Overall, Iceland and Finland ranked highest among 144 nations measured on progress in equality in education, health and survival, economic opportunity and political empowerment.
Next were Norway and Sweden, followed by Rwanda, which has improved economic participation and income equality and has the highest share of female parliamentarians in the world, the WEF said.
At the bottom was Yemen, then Syria, Saudi Arabia and Iran, with a wide array of progress in between, it said.
The gap in political empowerment, it said, was particularly pronounced in the United States, which may soon elect its first female president. In most polls, Democrat Hillary Clinton leads Republican Donald Trump ahead of the Nov. 8 election.
The United States ranked 73rd in political empowerment, which measured the ratio of men to women in the highest levels of political decision-making, the WEF said. It ranked 45th in the global list overall.
Nations with significant political gender gaps stand to lose out, the WEF said in a 391-page report accompanying the index.

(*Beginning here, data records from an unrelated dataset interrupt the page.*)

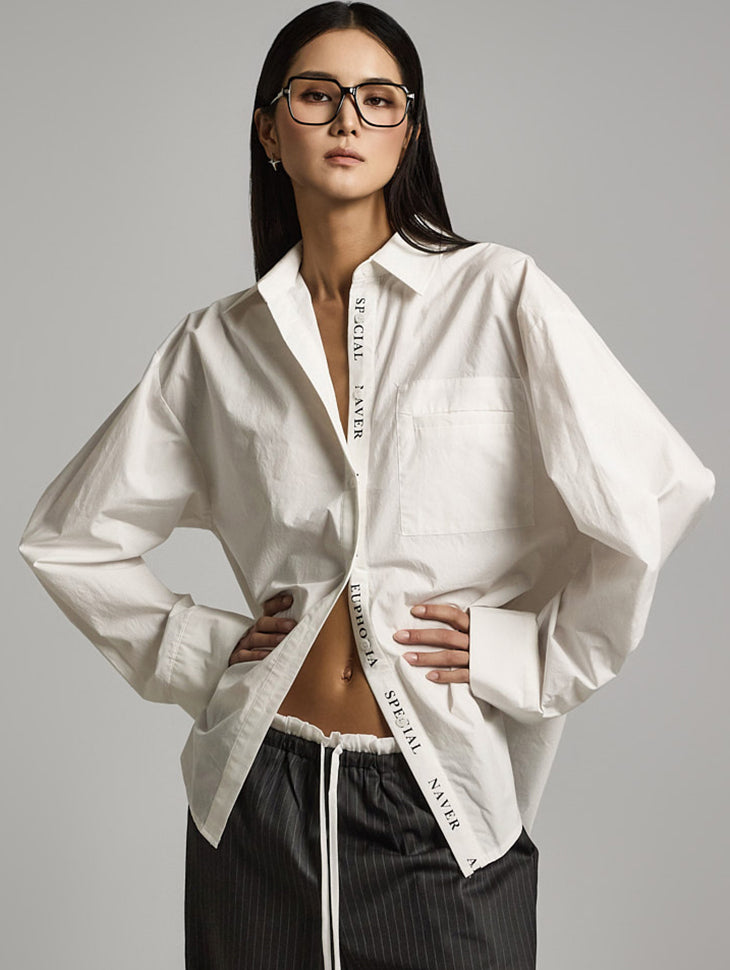 S741 Lettering Shirt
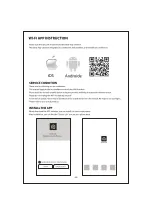 Preview for 22 page of TCL ELITE D-20WiFi User Manual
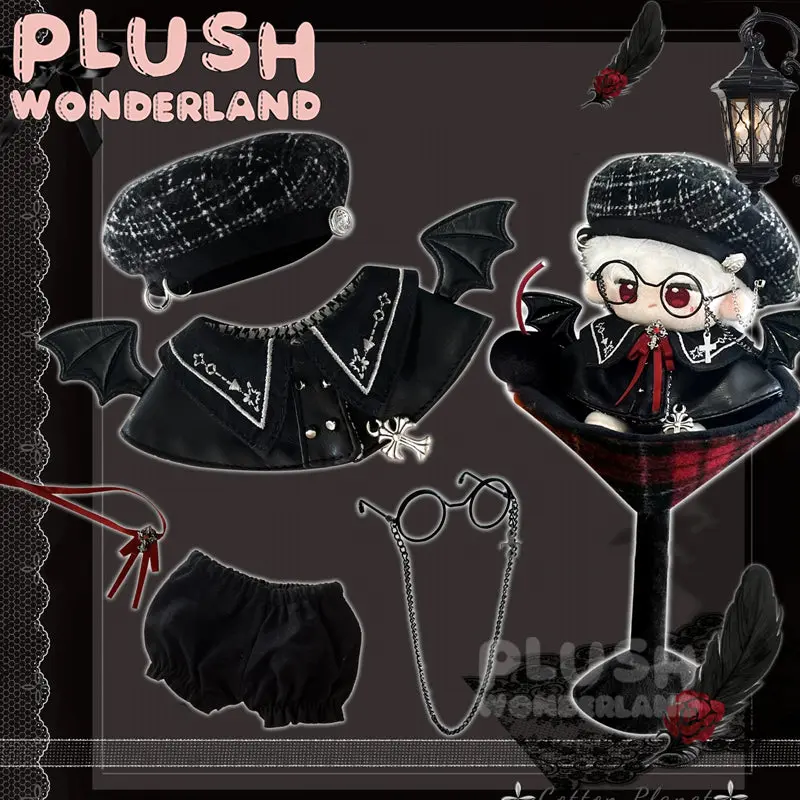 【INSTOCK】PLUSH WONDERLAND Gorgeous Wine Glass Series Set 10CM Doll Clothes - Image 4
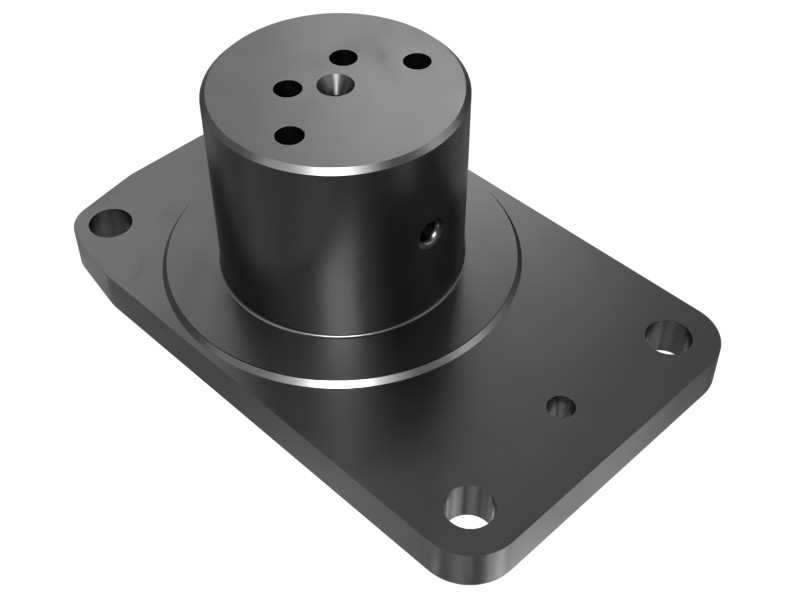 4W-4998 108mm OD Gear Group Shaft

"In the political sphere, women's engagement in public life has a positive impact on inequality across society at large," it said. "In addition, there is a range of evidence to suggest that women's political leadership and wider economic participation are correlated."
EARNINGS
Globally, the political gender gap is slowly but steadily improving, it said.
On the other hand, the economic gap this past year reverted back to where it was in 2008. It measures how many men and women participate in the labor force, their earned incomes and their job advancement.
It stands at 59 percent, meaning women's economic participation and opportunity is a little more than half of what men have, Zahidi said.
At the current rate, and given that the gap widened last year, women and men will not be equal economically for another 170 years, the report said.
Around the world, 54 percent of working-age women on average participate in the formal economy, compared with 81 percent of men, it said.
Women's average annual earnings are roughly half those of men, estimated at $10,778, versus $19,873, it said.
"Ensuring the healthy development and appropriate use of half of the world's total talent pool has a vast bearing on the growth, competitiveness and future readiness of economies and businesses worldwide," the WEF said.
The gap between men and women in terms of education - literacy and school enrolment - is so small that they could be at equal levels within the next 10 years, it said.
But closing the gap in political empowerment, at current rates, could take 82 years, it said.
A nation's score reflected how much it has closed the gaps between men and women, using data from organizations such as the International Labour Organization, United Nations Development Programme and World Health Organization, it said.